### [Exercise prompt]
From the entries below, copy exactly the lines from the one that contains "adapted_costume arm_support beach" through the one that contains "NIKE 耐吉 長袖 上衣", both included, and only those.

### [Information provided]
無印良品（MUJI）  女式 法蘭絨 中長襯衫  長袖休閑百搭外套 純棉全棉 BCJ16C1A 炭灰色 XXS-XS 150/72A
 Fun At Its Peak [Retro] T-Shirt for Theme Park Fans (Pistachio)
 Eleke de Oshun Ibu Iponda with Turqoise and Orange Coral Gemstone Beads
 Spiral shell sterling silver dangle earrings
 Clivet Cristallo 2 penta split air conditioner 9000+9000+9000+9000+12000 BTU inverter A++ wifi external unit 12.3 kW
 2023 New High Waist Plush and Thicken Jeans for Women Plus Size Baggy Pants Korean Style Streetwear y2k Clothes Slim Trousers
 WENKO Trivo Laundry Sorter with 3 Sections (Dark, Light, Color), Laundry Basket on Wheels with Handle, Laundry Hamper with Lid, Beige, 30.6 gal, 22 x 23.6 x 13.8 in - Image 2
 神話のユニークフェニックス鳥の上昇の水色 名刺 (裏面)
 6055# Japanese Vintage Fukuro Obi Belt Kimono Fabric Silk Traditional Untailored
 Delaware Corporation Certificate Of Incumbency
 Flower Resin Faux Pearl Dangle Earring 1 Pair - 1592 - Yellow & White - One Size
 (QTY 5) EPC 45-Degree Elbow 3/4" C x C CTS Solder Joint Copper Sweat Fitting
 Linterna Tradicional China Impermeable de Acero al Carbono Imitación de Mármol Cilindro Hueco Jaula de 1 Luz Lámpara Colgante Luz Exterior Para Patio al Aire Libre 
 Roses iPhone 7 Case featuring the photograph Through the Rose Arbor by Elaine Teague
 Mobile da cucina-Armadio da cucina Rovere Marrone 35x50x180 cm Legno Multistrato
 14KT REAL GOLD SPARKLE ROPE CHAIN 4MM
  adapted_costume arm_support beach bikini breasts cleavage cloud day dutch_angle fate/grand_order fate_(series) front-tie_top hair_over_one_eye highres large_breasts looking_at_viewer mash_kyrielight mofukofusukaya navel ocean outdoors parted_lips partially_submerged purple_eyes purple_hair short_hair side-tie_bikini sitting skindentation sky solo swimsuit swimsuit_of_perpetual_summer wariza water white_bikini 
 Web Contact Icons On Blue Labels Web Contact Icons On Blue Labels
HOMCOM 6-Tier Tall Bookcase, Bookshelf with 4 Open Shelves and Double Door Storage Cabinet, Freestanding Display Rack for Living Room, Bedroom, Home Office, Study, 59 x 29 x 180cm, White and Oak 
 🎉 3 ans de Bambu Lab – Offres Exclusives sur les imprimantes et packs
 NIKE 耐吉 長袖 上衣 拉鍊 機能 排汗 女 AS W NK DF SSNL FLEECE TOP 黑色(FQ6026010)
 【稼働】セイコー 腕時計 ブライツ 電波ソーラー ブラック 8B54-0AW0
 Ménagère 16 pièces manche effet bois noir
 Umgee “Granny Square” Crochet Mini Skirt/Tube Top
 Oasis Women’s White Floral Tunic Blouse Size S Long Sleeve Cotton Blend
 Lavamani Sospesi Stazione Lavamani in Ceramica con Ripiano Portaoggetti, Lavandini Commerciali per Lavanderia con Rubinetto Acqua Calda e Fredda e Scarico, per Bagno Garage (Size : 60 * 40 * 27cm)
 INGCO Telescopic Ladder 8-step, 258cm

### [Worked solution]
  adapted_costume arm_support beach bikini breasts cleavage cloud day dutch_angle fate/grand_order fate_(series) front-tie_top hair_over_one_eye highres large_breasts looking_at_viewer mash_kyrielight mofukofusukaya navel ocean outdoors parted_lips partially_submerged purple_eyes purple_hair short_hair side-tie_bikini sitting skindentation sky solo swimsuit swimsuit_of_perpetual_summer wariza water white_bikini 
 Web Contact Icons On Blue Labels Web Contact Icons On Blue Labels
HOMCOM 6-Tier Tall Bookcase, Bookshelf with 4 Open Shelves and Double Door Storage Cabinet, Freestanding Display Rack for Living Room, Bedroom, Home Office, Study, 59 x 29 x 180cm, White and Oak 
 🎉 3 ans de Bambu Lab – Offres Exclusives sur les imprimantes et packs
 NIKE 耐吉 長袖 上衣 拉鍊 機能 排汗 女 AS W NK DF SSNL FLEECE TOP 黑色(FQ6026010)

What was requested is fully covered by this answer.